• **Problem to work on**
Give back all of the data exactly, with every picture omitted.

• **Provided material**
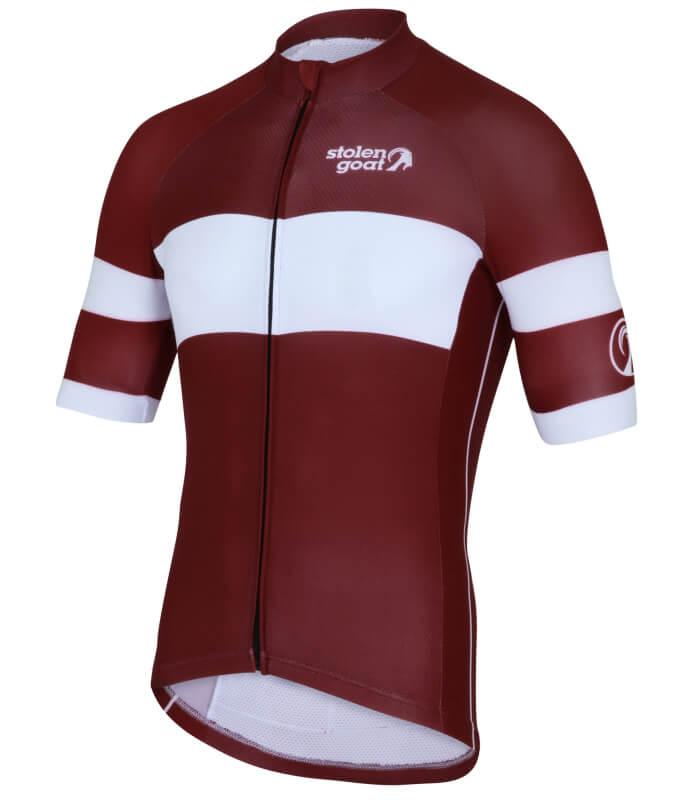 Buy Stolen Goat Bodyline Ss Cycling Jersey Men's Hors Category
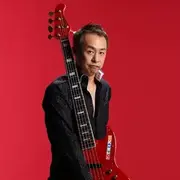 Mitsuru Sutō, member of T‐SQUARE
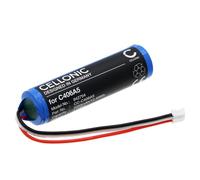 CELLONIC 1x Batterie Compatible avec Marshall Willen, C406A5 | 1x, (3350mAh, 3.7V, Lithium Ion), Enceinte Batterie
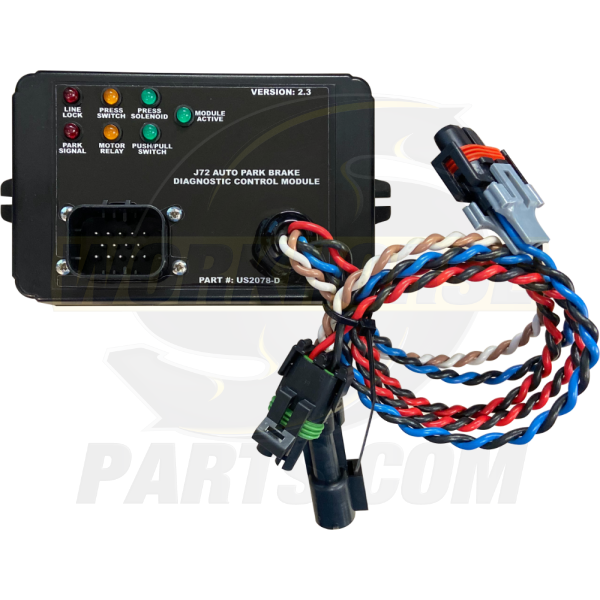 US2078 - UltraStop Park Brake Module Replacement With UltraSave Kit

• **Written solution**
 Buy Stolen Goat Bodyline Ss Cycling Jersey Men's Hors Category
 Mitsuru Sutō, member of T‐SQUARE
 CELLONIC 1x Batterie Compatible avec Marshall Willen, C406A5 | 1x, (3350mAh, 3.7V, Lithium Ion), Enceinte Batterie
 US2078 - UltraStop Park Brake Module Replacement With UltraSave Kit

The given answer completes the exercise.